Wednesday, 28 February 2018

Avodah Zara 44: Idols and Sexual Behaviour; King David's Crown

The rabbis continue to determine how one should depose of items used for idolatry.  Items that are ground up might make their way into the fields which could benefit the crops (depending on the makeup of the tool of idolatry).  We are not permitted to benefit in any way from the practice of idolatry.  As part of this discussion, Rabbi Yosef suggests that the definition of an unknown term leads him to believe that it referred to an idol with a phallus attached to it that women would have relations with every day.  Most of this discussion offers cases where idolatrous items were destroyed without fear of benefiting from the idol's decomposed state.
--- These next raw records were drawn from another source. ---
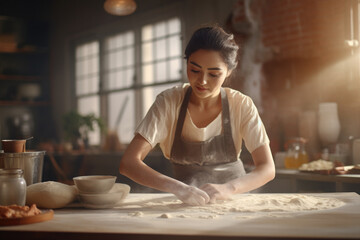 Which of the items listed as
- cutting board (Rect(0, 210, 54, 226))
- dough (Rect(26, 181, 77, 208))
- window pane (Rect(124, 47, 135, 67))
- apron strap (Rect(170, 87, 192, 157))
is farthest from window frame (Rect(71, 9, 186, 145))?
cutting board (Rect(0, 210, 54, 226))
We are taught that King David placed a heavy golden crown on his head; that crown may have been used as an idol.  The rabbis try to understand how he could benefit from this idol when we are strictly prohibited from such behaviour.  The rabbis consider how much the crown might have weighed.  They question whether or not he would wear such a heavy item.  Such a crown would only be fitted for a king's head.  The rabbis consider that King David might have worn the crown as tefillin, for one could wear two sets of tefillin.
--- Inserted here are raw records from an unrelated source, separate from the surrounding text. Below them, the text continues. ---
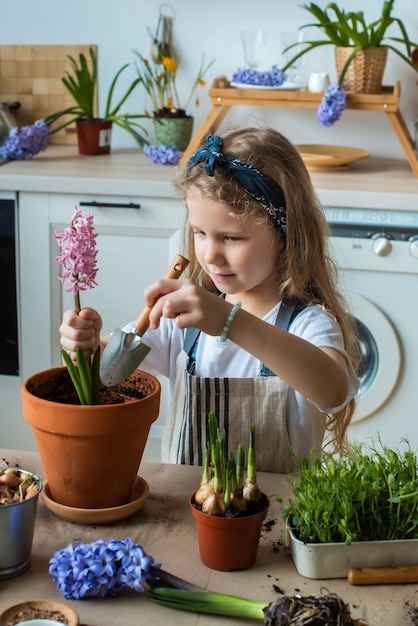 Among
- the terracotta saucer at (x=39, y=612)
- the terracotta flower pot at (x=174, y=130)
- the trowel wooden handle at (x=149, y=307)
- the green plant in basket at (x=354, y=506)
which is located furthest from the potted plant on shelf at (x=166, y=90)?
the terracotta saucer at (x=39, y=612)

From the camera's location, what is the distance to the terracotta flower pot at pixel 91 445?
1.09m

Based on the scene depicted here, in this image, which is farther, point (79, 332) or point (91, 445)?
point (79, 332)

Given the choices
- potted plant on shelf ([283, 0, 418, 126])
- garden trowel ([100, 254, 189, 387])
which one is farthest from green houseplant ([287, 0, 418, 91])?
garden trowel ([100, 254, 189, 387])

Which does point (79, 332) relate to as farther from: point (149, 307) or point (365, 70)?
point (365, 70)

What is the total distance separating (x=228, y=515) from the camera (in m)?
1.01

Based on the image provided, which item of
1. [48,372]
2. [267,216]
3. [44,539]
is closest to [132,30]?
[267,216]

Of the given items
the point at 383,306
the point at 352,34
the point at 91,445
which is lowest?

At the end of our daf, the rabbis discuss Rabban Gamliel's visit to a bathhouse.  An idol shaped as Afroditi was in that particular bathhouse.  When challenged about his choice to bathe in an idolatrous bathhouse, Rabban Gamliel replied that he did not enter a bathhouse dedicated to Afroditi.  Instead, Afroditi was used as decoration in this bathhouse.  In response to their claim that he might have had seminal emissions while looking at Afroditi, Rabban Gamliel notes that Afroditi was placed near the urinals and thus this idol is not at all honoured in the bathhouse.  The rabbis go on to discuss other cases of bathhouse decoration and how people and idols might be honoured - or, more often, disrespected in the urinals.